Le projet fut accepté par le professeur Livio Melina, alors doyen de l’Institut Jean-Paul II pour les études sur le Mariage et la Famille, qui le présenta au Conseil International de l’Institut. La clairvoyance, la sagesse et la ténacité du professeur Melina ont guidé cette initiative tout au long, et même après son mandat de doyen. Son successeur, le professeur Pierangelo Sequeri, a repris le projet et a continué à le soutenir jusqu’à la fin. Les rédacteurs ont été solidement assistés par le Conseil Scientifique mis en place à cet effet, dans lequel ils ont trouvé le soutien nécessaire pour structurer le projet et résoudre les problèmes qui se sont progressivement posés. Nos remerciements vont donc au professeur Michele Barbato de l’Institut Européen d’Education Familiale, au professeur Sergio Belardinelli de l’Université de Bologne, au professeur Roberto Colombo de l’Università Cattolica del Sacro Cuore – Milan, au professeur José Granados de l’Institut Pontifical Théologique Jean-Paul II – Rome, au professeur Jokin de Irala de l’Universidad de Navarra, au professeur Robert Kambic de la Johns Hopkins University – Baltimore, au professeur Livio Melina de l’Institut Pontifical Théologique Jean-Paul II – Rome, au professeur Furio Pesci de l’Université La Sapienza – Rome, à la professeure Maria Luisa di Pietro de l’Università Cattolica del Sacro Cuore – Rome, à Mme Danièle Sauvage Action Familiale – Maurice, au professeur Joseph B. Stanford de la University of Utah, États-Unis, et à la professeure Pilar Vigil de la Universidad Católica de Chile.

Cette réalisation n’aurait pas été possible sans la générosité et la compétence des 157 auteurs qui ont bien voulu se joindre au projet.

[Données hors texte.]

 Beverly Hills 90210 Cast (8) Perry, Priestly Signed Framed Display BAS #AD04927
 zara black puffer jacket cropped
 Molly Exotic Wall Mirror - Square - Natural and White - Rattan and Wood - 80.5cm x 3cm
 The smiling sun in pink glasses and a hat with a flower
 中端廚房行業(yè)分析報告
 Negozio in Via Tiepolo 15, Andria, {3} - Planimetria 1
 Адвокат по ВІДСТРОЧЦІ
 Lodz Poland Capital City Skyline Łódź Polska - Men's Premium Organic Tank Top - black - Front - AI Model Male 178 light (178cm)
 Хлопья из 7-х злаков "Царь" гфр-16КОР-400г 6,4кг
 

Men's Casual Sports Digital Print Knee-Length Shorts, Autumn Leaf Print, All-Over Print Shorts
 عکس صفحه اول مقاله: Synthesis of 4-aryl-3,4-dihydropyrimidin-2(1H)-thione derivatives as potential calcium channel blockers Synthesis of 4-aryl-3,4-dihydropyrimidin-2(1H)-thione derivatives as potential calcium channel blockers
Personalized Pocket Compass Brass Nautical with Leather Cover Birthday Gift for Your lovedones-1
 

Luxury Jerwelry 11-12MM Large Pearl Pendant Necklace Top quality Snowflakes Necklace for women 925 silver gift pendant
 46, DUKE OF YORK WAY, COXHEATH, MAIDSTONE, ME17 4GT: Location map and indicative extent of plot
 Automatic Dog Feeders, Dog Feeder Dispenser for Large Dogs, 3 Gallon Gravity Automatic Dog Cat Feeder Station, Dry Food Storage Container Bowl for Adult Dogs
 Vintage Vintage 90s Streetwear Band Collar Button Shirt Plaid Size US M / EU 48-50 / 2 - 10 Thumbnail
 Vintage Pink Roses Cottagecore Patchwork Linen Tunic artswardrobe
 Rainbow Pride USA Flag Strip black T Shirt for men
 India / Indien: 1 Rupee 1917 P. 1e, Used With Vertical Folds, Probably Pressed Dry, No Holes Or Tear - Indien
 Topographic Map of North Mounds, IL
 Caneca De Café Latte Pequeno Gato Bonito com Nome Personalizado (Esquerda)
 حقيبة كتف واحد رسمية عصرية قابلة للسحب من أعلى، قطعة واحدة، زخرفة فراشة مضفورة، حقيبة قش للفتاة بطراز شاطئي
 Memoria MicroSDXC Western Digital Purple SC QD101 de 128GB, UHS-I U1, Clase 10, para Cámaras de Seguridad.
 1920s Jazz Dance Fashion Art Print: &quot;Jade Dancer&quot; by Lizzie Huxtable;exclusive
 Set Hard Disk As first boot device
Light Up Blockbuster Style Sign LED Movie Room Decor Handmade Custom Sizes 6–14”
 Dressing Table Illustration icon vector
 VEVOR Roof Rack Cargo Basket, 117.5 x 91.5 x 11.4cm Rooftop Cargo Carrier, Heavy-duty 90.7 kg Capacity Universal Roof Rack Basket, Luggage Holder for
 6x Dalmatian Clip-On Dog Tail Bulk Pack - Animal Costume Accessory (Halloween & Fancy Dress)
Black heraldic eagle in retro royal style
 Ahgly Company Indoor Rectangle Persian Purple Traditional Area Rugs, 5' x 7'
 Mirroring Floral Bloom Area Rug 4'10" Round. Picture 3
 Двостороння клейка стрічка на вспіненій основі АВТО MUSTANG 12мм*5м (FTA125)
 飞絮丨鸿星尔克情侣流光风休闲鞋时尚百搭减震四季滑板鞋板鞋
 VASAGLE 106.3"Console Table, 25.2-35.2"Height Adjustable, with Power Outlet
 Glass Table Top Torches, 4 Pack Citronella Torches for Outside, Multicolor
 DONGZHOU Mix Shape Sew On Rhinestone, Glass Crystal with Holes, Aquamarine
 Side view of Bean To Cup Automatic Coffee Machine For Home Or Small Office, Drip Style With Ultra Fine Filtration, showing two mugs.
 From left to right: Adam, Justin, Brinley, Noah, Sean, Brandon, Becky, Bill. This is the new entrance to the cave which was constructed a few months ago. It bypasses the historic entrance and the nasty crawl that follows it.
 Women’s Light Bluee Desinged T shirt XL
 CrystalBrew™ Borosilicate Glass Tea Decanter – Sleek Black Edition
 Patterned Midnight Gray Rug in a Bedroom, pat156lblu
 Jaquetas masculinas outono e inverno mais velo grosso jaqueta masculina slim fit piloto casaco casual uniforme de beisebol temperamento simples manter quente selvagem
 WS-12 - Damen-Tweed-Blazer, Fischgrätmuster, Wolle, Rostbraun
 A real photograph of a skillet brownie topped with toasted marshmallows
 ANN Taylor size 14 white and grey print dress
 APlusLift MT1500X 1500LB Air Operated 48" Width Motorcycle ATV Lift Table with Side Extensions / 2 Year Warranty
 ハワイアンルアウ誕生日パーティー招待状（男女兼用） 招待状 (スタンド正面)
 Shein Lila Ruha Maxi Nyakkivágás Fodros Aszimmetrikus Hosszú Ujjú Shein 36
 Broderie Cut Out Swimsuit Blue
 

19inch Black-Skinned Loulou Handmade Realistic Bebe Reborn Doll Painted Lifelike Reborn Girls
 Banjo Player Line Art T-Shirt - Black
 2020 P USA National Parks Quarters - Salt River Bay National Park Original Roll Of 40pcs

Nous les remercions également pour leur disponibilité à s’adapter au temps et à l’espace alloués, ayant été parfois contraints de réduire leurs contributions.

Rome – Lyon, le 25 mars 2019

Solennité de l’Incarnation du Seigneur

José Noriega

René & Isabelle Ecochard

 

 

  1. P. Ricoeur, “La sexualité. La merveille, l’errance, l’enigme”, in Esprit 28 (1960) 1665.